Auf ZeitOnline stellt Daniel Gerhardt Jack Antonof vor, der in den letzten Jahren so ziemlich jeden großen weißen Pop-Act produziert und nach vorne gebracht hat. Dessen eklektizistische, stark um Verdichtung bemühte Methode umschreibt Gerhardt so: "Allem Achtzigerjahre-Design zum Trotz steckt in den überkochenden Emotionen seiner Co-Kompositionen, in ihrem hohen Tempo und dem Übermaß an Informationen etwas sehr Modernes. Jeder Song ist eine Popgeschichtsplaylist für sich. Manchmal glaubt man sogar, dass die Retourkutschen für potenzielle Social-Media-Angriffe bereits im Quellcode der Lieder enthalten sind. Die erste Strophe eines Tracks beklaut Elton John? Schon bevor sich jemand darüber aufregen kann, guckt die zweite noch dreister, was es bei Phil Collins zu holen gibt."

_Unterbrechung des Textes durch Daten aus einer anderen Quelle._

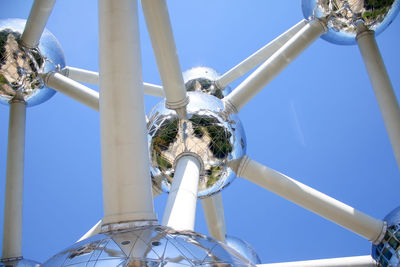 Low angle view of metallic structure against sky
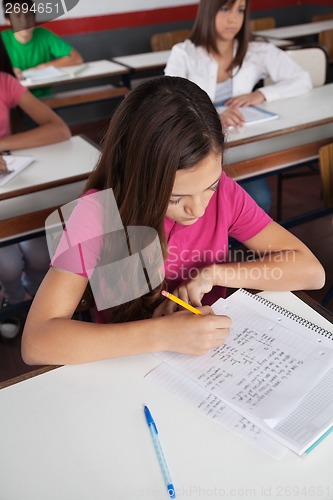 Image of Teenage Schoolgirl Writing At Desk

Außerdem: Für die taz porträtiert Andreas Hartmann den Elektro-Musiker Erik Wiegand, der zuletzt unter dem Projektnamen Errorsmith produziert hat. In der Zeit erzählt Ulrich Stock die Geschichte des deutschen Jazzlabels MPS (Musik Produktion Schwarzwald). In der FAZ gratuliert Tilman Spreckelsen der Folk-Sängerin June Tabor zum Siebzigsten. Die Spex hat für den Jahresrückblick auf die Lieblinge der Redaktion Georg Seeßlens Essay über "Pegida-Pop" online nachgereicht.

Besprochen wird Martin Gecks Buch "Beethoven. Der Schöpfer und sein Universum" (NZZ).